In 2009, with the dismal Tampa Bay Lightning, Recchi owned the dubious distinction of a team-worst plus/minus (-15). When the B’s acquired him at the trade deadline, I was concerned that he would be a detriment to team defense.

Ha. Two years later and Recchi, who says he prefers rock ‘n’ roll or country over Marc Savard’s Top 40, probably was amused when, before the Stanley Cup parade, wanna-be rapper Brad Marchand performed “Wiz Khalifa’s Black and Yellow.”

Sean O’Donnell
2001-2004

Gordon Lightfoot’s “If You Could Read My Mind” climbed the charts in 1971, when Odie entered the world. Twenty years later, when the Buffalo Sabres drafted the defenseman, Maria Carey’s “Someday” ruled the airwaves. No way the Queen of the High Cs could have know her tune would be a smash hit or that O’Donnell’s quest to win the Cup would sixteen years later culminate with the Anaheim Ducks.

After signing with the Blackhawks, Odie (or should I say Oldie) is “Alive Again” in Chicago.

Mike Knuble
1999-2004

Born in 1972, Knuble grew up during the Age of Abba. Then in 1991, when Boyz II Men’s "Motownphilly" was all the rage in Cheesesteaktown, Knuble might not have predicted that “Mamma Mia” would be made into a musical, or that during the 2003 All-Star break, he’d tell his fans at Bruins.com that he planned to attend the show—because his wife is a big fan. (Sure Mike, admit it: Even a rough-and-tumble forward on the 700 pound line with Joe Thornton and Glen Murray, can dig the “Dancing Queen”.)
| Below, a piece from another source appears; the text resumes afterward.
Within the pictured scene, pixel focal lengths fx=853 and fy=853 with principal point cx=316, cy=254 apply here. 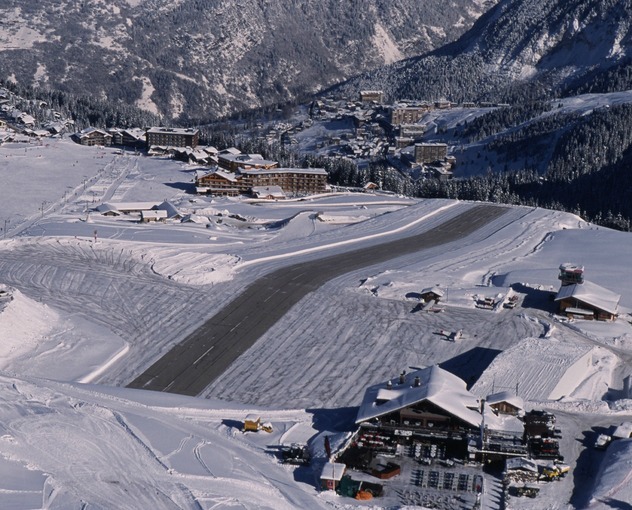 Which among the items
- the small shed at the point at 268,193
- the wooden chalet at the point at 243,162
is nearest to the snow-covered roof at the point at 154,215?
the small shed at the point at 268,193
Will Washington be the “End of the Road” for the former Philadelphia Flyer? (Knubes turns 40 in 2012.)

Brian Rolston
1999-2004

The Allman Brothers’ “Ramblin’ Man” might be Brian Rolston’s theme song as the well-traveled forward was born in 1973. Then again, maybe Paul Abdul’s “Rush Rush” is a more appropriate theme song. Drafted in 1991, Rollie often led the charge up ice during his tenures with the New Jersey Devils (twice), the Colorado Avalanche, the Minnesota Wild, and the Boston Bruins. Here in Beantown, he thrilled fans with his specialties: speed, slap shots and short-handed goals (nine in 2001-02).
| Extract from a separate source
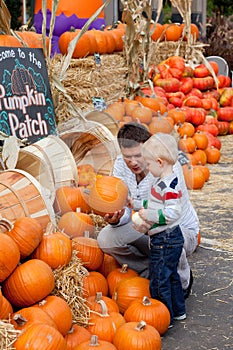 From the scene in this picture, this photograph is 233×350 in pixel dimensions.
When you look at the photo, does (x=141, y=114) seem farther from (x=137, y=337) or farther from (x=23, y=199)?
(x=137, y=337)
Rolston signed with the New York Islanders and will play an up-tempo game, blast a few slappers past would-be puck-stoppers, and maybe score a shortie or two.

Aaron Ward
2006-2009

I’m not sure if “Bad Bad Leroy Brown” is on Wardo’s playlist, but Jim Croce’s classic was among the top hits in 1971. Drafted in 1991, when Bryan Adams’s “Everything I Do (I Do it For You) ranked high on the charts, would Wardo have predicted that he’d still be playing eighteen years later? In his two seasons in Boston—before the B’s traded him back to Carolina to end his career—I enjoyed watching him stiff-arm puck-toting opponents, (broken?)-sticking it to Philadelphia with an OT game-winning goal.